A regular expression can be useful for preventing even more typical misrecognition between letters and numbers; e.g., B and 8, Z and 2, S and 5, 1 and I or l, O and 0 (zero).
Example 7: |
Hexadecimal numbers |
Task: |
To match a 16-bit hexadecimal value; e.g., 12AB, ff55, or 0. Remember that \d means the digits (equivalent to [0-9]), and we use it here to build another set. |
Expression: |
[\da-fA-F]{1,4} |
Example 8: |
E-mail addresses |
Task: |
To match a properly structured U.S. E-mail address: |
Expression: |
.*@.*\.(com|org|gov|mil|net|edu) |
Note that the dot character has two functions: the first two occurrences use its meta-character meaning of any character, while in the third case we want to use it literally, so we needed to escape it with a backslash.
Example 9: |
Airline Flight Numbers |
Task: |
To read scheduled (non-charter) airline flight numbers. |
Expression: |
[A-Z][A-Z]\s[0-9]{2,3} or [A-Z]{2}\s\d\d\d? |
\u is not used in the short notation, since it might enable accented uppercase letters, which are not used in airline codes. The numeric part is designed to accept two-digit or three-digit numbers.

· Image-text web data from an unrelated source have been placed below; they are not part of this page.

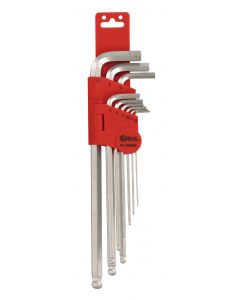 Genius Tools 9 Piece Metric Wobble Hex Key Wrench Set (S2 Tool Steel) - HK-09MBS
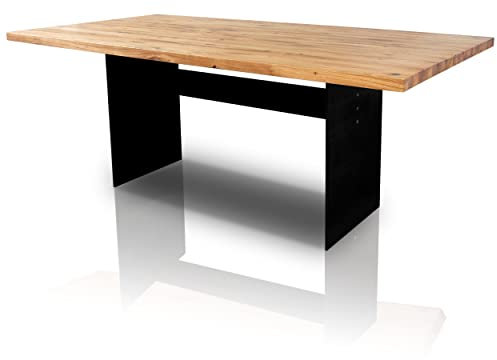 Esstisch Manhattan Black Nussbaum amerik. massiv 180 x 90 cm, Designer Tisch Massivholz mit Rohstahl Tischgestell, Holztisch Metall Stahl, Premium Esstisch, Design Esstisch Exklusiv!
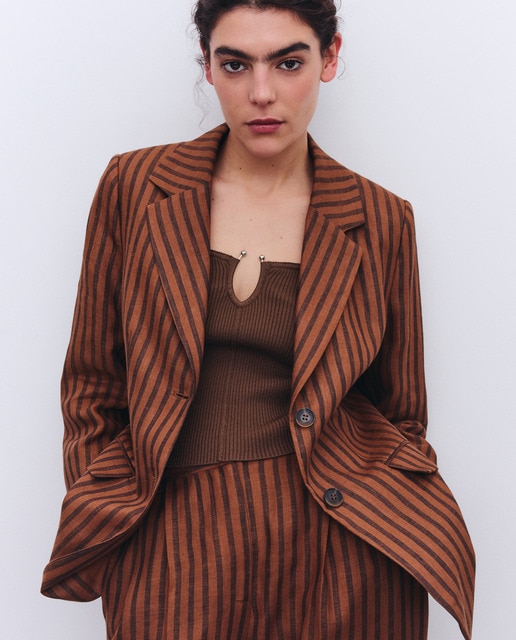 Imagem 0 de Blazer de Linho às Riscas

Since the two-letter airline codes are a finite known set, it would be possible to define each possible one in a separate expression, then any illegal letter-combinations would be refused. If the range of valid flight numbers for each airline were known, it would be possible to flag even non-existent flight numbers, or to use expressions to capture only documents relating to one specified flight or a group of flights.
Example 10: |
Canadian Zip Codes |
Description: |
These always conform to a single pattern: Three characters, space, three characters; more precisely: Uppercase Letter, Digit, U_Letter, Space, Digit, U_Letter, Digit. |
Expression: |
[A-Z][0-9][A-Z]\s[0-9][A-Z][0-9] or [A-Z]\d[A-Z]\s\d[A-Z]\d |
Example 11: |
British Postal Codes |
Description: |
These are more complex; only the last three characters conform to a precise pattern. One or two U_Letters, one or two digits, space, one digit, two U_Letters. That is: |
Expression: |
[A-Z]{1,2}[0-9]{1,2}\s[0-9][A-Z]{2} |
A set of more precise expressions could be devised, since the first one or two letters define a geographical region (L = London, B = Birmingham, CB = Cambridge...). Furthermore, each region has a finite number of numbered districts, presented by the following one or two digits. By creating a regular expression for each regional code, together with each one's maximum number of districts, it would be possible to reject any incoming code if its characters before the space did not conform to a valid post code value.
Example 12: |
Dutch Postal Codes |
Description: |
DDDD LL (four digits and two uppercase letters). In international traffic, the land code is needed, but in inland traffic it is often omitted, especially when it doesn't fit neatly with the remaining postcode, as in the Netherlands. So, our task is to read Dutch postcodes, with or without the land code NL-. The space between the digits and the letters may be very small or large, so we allow 0, 1, or 2 space characters. |
Expression: |
(NL-){0,1}[0-9]{4}\s{0,2}[A-Z]{2} or (NL-)?\d{4}\s{0,2}[A-Z]{2} |
Example 13: |
Other European postcodes |
Description: |
All countries have an official ISO-assigned two letter land-code, though some still persist in using a single letter. Leaving aside exceptional cases (e.g., Netherlands and Poland), Iceland has three-digit codes, many countries have four or five digits (some with spaces, most without), and three countries use six digits. The general expression below will allow one or two-letter landcodes (any uppercase letters permitted, including invalid ones), then a hyphen, then anywhere from three to six digits. |
General Expression: |
[A-Z]{1,2}-[0-9]{3,6} |
This general expression is of limited value. The following more precise expressions allow one or two-letter landcodes, checking that only valid landcodes are used, and that the correct number of digits and spaces are detected after the hyphen: |
|
Precise Expressions: |
(IS-)[0-9]{3} |
Parentheses are used when several alternatives are concatenated with other characters.